The only thing that actually makes the game feel different to Double Dash is the steering wheel, which is admittedly very well done. Everything else is so derivative that I just cannot genuinely enjoy the game, despite me really, really wanting to. I suppose someone who’s never really played Mario Kart before will have a lot of fun with this, but for series veterans it brings little to the table. It almost looks like they directly imported the animations and whatnot from Double Dash when it comes to many of the items (bananas, shells, bombs, etc); they look and behave exactly the same.
I guess a lot of the blame lies on the Wii itself, though. The developers were clearly limited by the technology, which has allowed them to do little in the way of fancy environment physics (a huge part of modern racing games) and core graphical beauty. The only real distinction between the graphics in Mario Kart Wii and Double Dash is the addition of a bloom lighting effect, which does little to help the game escape looking like a last-generation relic on today’s high-definition televisions.
Perhaps those who’re more serious about their Mario Kart will get more mileage out of Mario Kart Wii than me, but I for one am really disappointed. Mario Kart 64 and Double Dash felt like they really pushed the series forward, but Mario Kart Wii simply doesn’t. Even Double Dash didn’t introduce that much new stuff, but due to its graphics and course complexity being far beyond Mario Kart 64’s it still felt very different and new. I have a hard time seeing how anyone could get the same thrill from Mario Kart Wii that they felt when they tried Mario Kart 64 or Double Dash for the first time.
One final thing worth noting is the online play: it’s pretty good. The execution is much better than Mario Kart DS’s online component, although the core online play experience hasn’t changed much. Still, it’s a feature that may enable you to look past all the shortcomings mentioned above if you’ve never really experienced Mario Kart online before.
In short: this is the best Mario Kart game yet, but may not bring enough to the table to impress you as much as its predecessors did. If you’re new to Mario Kart then definitely pick it up, but if not I recommend trying it out before buying.

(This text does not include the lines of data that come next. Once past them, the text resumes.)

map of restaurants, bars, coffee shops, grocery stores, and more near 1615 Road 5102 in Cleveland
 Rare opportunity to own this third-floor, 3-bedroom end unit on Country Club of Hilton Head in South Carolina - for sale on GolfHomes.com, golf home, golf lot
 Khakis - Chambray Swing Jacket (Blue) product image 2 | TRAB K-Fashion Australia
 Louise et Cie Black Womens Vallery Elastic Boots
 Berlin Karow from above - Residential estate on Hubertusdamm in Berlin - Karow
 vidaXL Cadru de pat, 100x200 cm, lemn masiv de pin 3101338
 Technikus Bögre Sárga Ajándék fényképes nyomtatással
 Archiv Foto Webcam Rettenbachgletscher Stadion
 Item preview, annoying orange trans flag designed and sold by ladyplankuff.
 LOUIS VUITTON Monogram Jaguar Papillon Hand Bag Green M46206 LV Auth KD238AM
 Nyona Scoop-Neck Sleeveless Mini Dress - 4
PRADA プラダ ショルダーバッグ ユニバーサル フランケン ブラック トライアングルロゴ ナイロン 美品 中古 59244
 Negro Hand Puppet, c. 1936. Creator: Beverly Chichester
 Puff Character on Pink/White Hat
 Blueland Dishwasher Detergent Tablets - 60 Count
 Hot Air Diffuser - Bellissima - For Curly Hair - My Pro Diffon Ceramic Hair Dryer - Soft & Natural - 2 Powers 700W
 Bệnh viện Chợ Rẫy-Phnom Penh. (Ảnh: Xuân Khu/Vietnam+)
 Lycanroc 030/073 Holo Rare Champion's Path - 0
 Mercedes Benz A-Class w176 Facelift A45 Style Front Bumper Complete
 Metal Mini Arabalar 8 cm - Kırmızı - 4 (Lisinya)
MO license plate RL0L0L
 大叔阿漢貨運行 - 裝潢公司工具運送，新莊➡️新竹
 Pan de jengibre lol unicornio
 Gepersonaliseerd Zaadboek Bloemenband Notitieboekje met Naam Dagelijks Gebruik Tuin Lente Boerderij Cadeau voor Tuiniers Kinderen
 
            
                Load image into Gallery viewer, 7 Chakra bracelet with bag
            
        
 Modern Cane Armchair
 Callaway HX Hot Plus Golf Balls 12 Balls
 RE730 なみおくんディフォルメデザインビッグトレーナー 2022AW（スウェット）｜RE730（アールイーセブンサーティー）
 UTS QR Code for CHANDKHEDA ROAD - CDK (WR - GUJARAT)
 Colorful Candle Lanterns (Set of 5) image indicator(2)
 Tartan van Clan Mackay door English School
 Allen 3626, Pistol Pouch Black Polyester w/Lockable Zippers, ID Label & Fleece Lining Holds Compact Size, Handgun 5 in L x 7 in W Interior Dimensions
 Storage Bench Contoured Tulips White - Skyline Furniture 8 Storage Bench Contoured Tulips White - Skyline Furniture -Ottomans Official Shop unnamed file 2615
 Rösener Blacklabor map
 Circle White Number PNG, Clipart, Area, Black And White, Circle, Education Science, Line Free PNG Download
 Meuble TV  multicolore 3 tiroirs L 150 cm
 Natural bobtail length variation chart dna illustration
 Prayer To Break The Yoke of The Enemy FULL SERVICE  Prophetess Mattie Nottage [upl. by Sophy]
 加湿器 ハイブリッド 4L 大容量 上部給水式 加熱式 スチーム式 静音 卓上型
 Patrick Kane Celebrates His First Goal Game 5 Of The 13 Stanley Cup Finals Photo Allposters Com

Update: I’ve bought this month’s copy of Edge and it looks like they share a lot of my discomfort with the game, awarding it 6/10 and clearly picking up on the same “I’ve seen this before” vibe. Their chief complaint seemed to be the tracks themselves, which are much wider than in past Mario Kart games. Nintendo were obviously trying to cater for the new maximum of 12 carts, but in the process removed much of the furious bashing and overtaking that was present in the past. They also disapprove of the removal of normal balloon battle mode, and the way that trying to mix the feel of online/offline play has resulted in both being not as good as they could have been (tracks too big for a few people, AI ruining online games, etc).